● GOAL OF THE EXERCISE:
Down to the last character, write out the records below.

[Short text fragments from websites]
= = =
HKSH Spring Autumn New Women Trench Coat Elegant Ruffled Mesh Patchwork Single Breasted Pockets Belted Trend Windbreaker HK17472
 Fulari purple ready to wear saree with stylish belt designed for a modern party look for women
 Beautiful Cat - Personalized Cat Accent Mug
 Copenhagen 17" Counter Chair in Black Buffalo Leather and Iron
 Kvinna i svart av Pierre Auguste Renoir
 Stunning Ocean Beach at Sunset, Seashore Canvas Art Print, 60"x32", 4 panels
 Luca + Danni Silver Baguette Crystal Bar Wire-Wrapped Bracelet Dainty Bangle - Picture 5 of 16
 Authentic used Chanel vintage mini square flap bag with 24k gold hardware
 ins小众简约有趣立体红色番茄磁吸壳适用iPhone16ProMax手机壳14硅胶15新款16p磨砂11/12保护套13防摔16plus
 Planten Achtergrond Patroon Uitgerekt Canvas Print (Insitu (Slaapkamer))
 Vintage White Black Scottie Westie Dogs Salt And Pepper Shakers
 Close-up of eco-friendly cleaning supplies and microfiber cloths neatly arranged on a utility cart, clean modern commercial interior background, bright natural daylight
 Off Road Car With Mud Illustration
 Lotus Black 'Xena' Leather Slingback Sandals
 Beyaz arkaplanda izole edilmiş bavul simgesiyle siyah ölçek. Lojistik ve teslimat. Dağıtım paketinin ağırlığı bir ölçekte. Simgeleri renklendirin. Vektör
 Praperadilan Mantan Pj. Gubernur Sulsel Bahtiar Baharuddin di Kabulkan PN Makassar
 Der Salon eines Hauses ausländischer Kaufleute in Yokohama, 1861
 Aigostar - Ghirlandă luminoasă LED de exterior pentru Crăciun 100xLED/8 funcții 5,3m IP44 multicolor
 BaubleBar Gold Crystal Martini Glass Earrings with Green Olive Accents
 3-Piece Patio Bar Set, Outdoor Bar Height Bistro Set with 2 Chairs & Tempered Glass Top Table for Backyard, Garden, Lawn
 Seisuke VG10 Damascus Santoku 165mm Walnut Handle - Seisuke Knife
= = =
● TASK RESULT:
HKSH Spring Autumn New Women Trench Coat Elegant Ruffled Mesh Patchwork Single Breasted Pockets Belted Trend Windbreaker HK17472
 Fulari purple ready to wear saree with stylish belt designed for a modern party look for women
 Beautiful Cat - Personalized Cat Accent Mug
 Copenhagen 17" Counter Chair in Black Buffalo Leather and Iron
 Kvinna i svart av Pierre Auguste Renoir
 Stunning Ocean Beach at Sunset, Seashore Canvas Art Print, 60"x32", 4 panels
 Luca + Danni Silver Baguette Crystal Bar Wire-Wrapped Bracelet Dainty Bangle - Picture 5 of 16
 Authentic used Chanel vintage mini square flap bag with 24k gold hardware
 ins小众简约有趣立体红色番茄磁吸壳适用iPhone16ProMax手机壳14硅胶15新款16p磨砂11/12保护套13防摔16plus
 Planten Achtergrond Patroon Uitgerekt Canvas Print (Insitu (Slaapkamer))
 Vintage White Black Scottie Westie Dogs Salt And Pepper Shakers
 Close-up of eco-friendly cleaning supplies and microfiber cloths neatly arranged on a utility cart, clean modern commercial interior background, bright natural daylight
 Off Road Car With Mud Illustration
 Lotus Black 'Xena' Leather Slingback Sandals
 Beyaz arkaplanda izole edilmiş bavul simgesiyle siyah ölçek. Lojistik ve teslimat. Dağıtım paketinin ağırlığı bir ölçekte. Simgeleri renklendirin. Vektör
 Praperadilan Mantan Pj. Gubernur Sulsel Bahtiar Baharuddin di Kabulkan PN Makassar
 Der Salon eines Hauses ausländischer Kaufleute in Yokohama, 1861
 Aigostar - Ghirlandă luminoasă LED de exterior pentru Crăciun 100xLED/8 funcții 5,3m IP44 multicolor
 BaubleBar Gold Crystal Martini Glass Earrings with Green Olive Accents
 3-Piece Patio Bar Set, Outdoor Bar Height Bistro Set with 2 Chairs & Tempered Glass Top Table for Backyard, Garden, Lawn
 Seisuke VG10 Damascus Santoku 165mm Walnut Handle - Seisuke Knife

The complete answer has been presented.